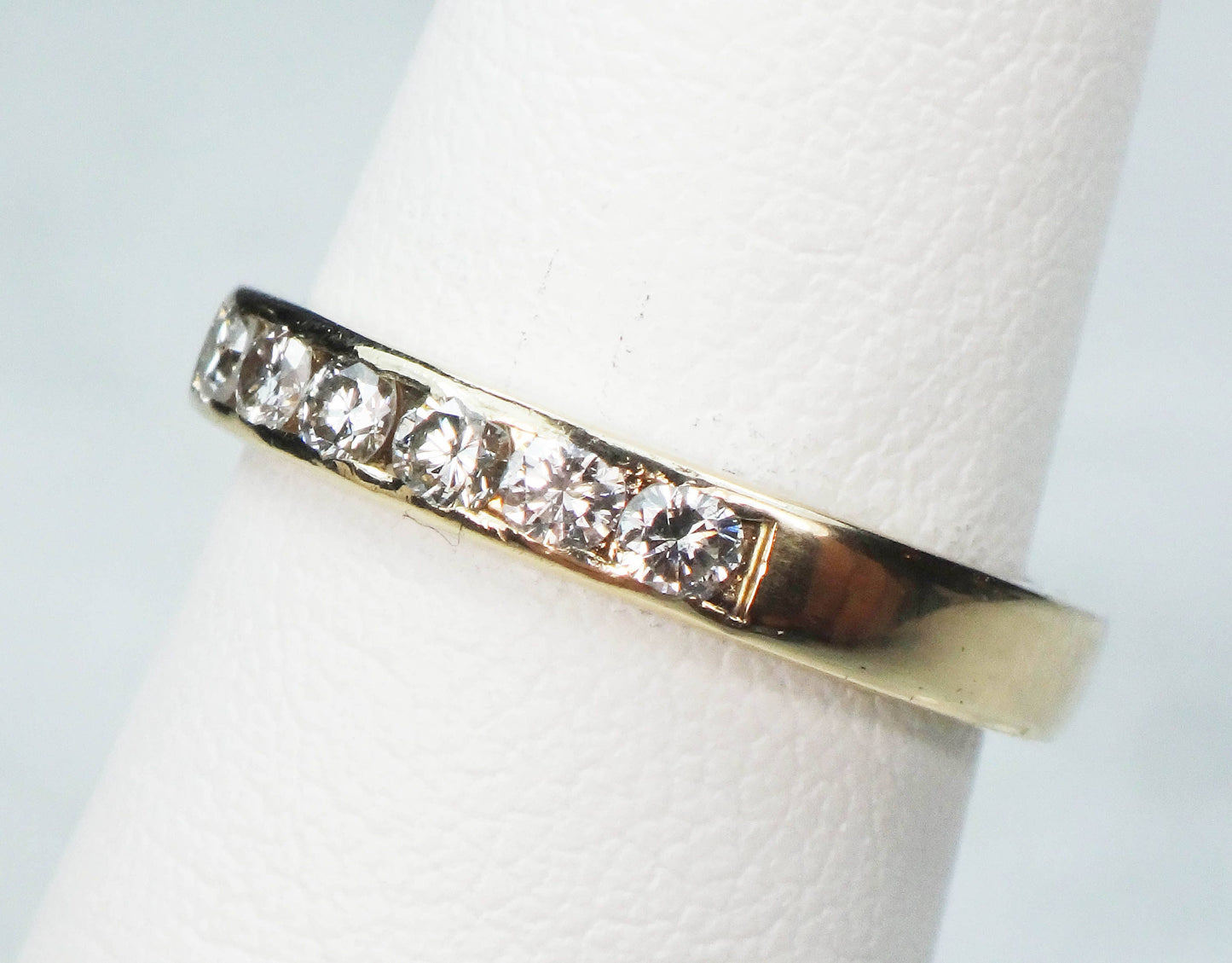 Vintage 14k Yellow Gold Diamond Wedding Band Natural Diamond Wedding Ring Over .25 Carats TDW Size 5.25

==

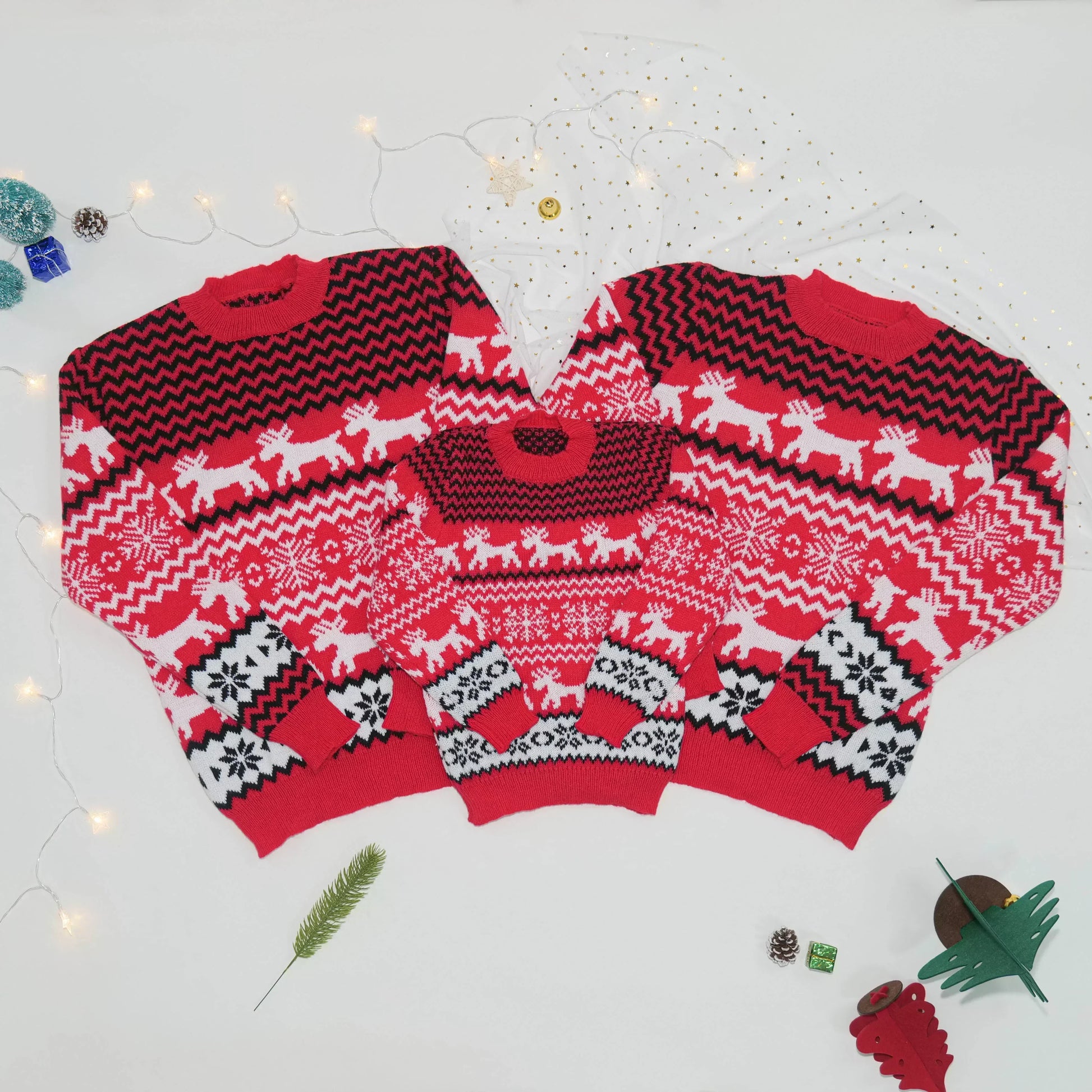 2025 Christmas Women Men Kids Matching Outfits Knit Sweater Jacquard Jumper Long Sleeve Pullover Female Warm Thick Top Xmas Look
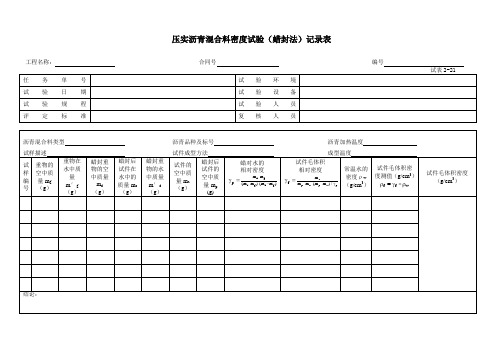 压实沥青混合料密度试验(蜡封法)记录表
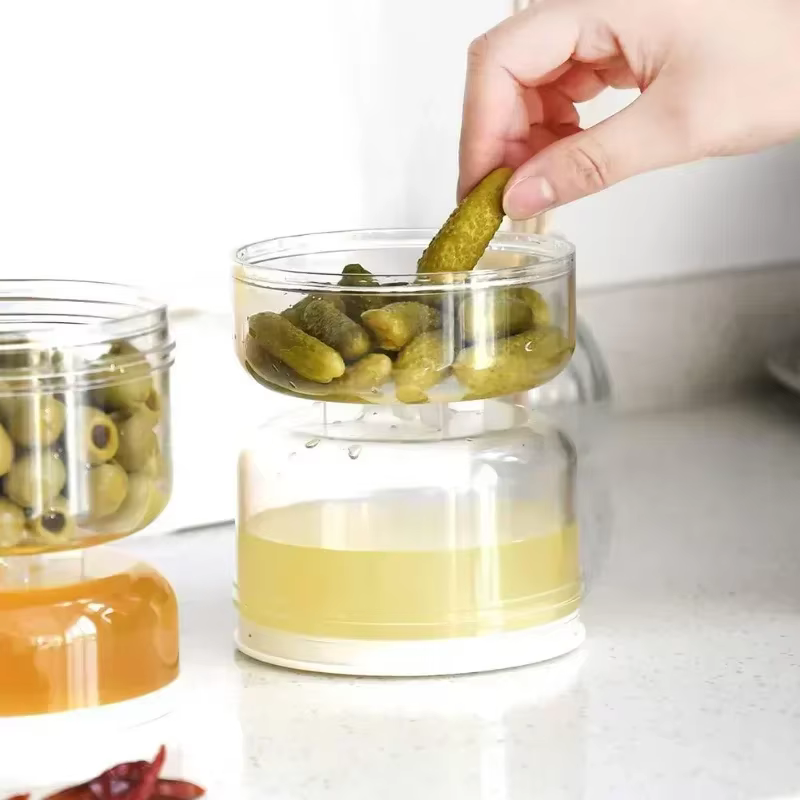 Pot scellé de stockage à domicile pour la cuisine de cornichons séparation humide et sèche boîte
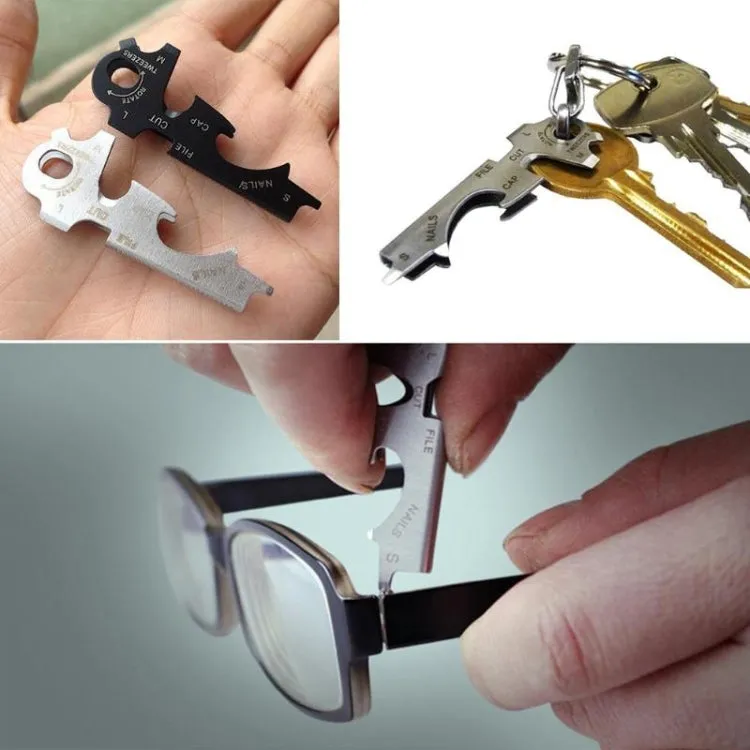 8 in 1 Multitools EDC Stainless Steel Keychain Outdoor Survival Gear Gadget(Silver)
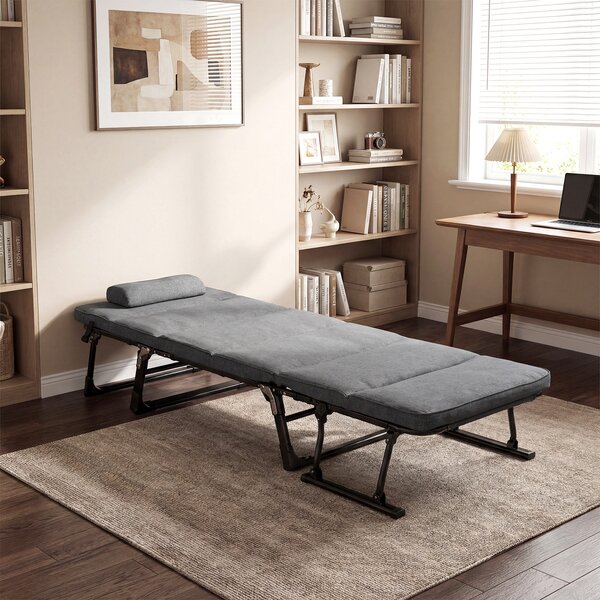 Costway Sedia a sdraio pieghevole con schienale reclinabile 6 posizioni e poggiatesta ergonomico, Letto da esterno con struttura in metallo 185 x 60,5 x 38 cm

--

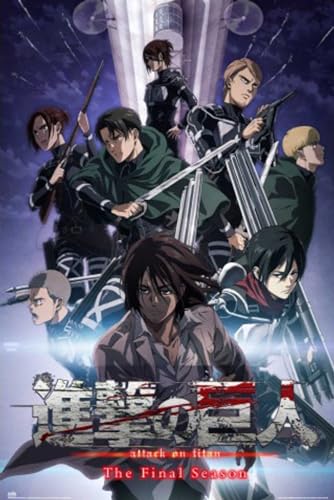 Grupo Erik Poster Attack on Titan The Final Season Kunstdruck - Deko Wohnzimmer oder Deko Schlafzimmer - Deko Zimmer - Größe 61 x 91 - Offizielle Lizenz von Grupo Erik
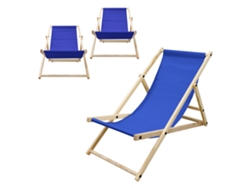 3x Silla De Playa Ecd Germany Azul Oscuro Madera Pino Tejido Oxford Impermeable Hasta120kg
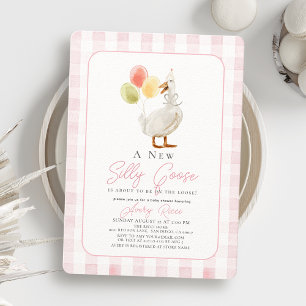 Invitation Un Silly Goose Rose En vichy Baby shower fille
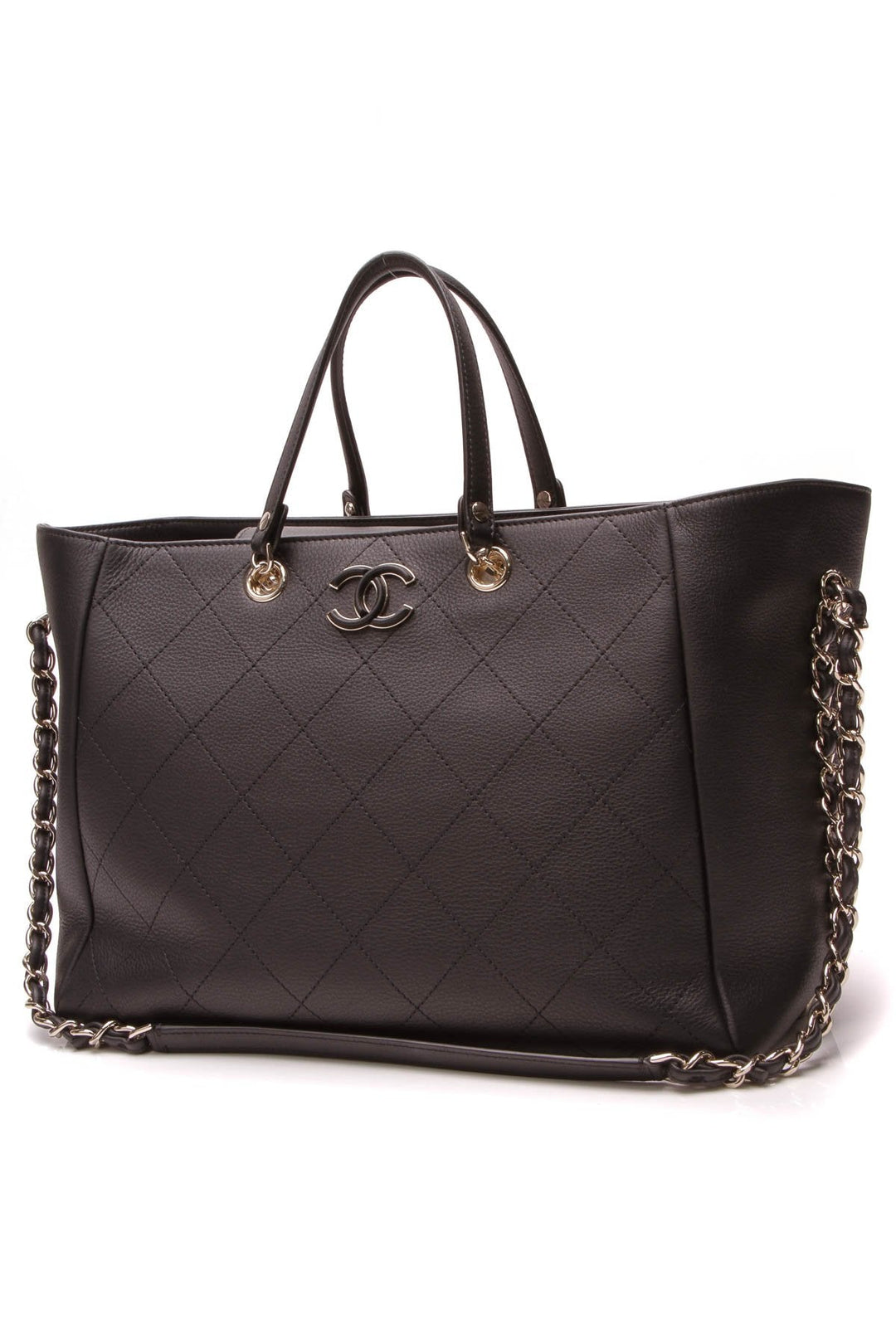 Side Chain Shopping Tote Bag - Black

### Aim of the task
In the listing above, find the line holding "3x Silla De" and the line holding "Side Chain Shopping Tote Bag - Black". Reproduce those two lines and all between them exactly, leaving out pictures.

### Result below
 3x Silla De Playa Ecd Germany Azul Oscuro Madera Pino Tejido Oxford Impermeable Hasta120kg
 Invitation Un Silly Goose Rose En vichy Baby shower fille
 Side Chain Shopping Tote Bag - Black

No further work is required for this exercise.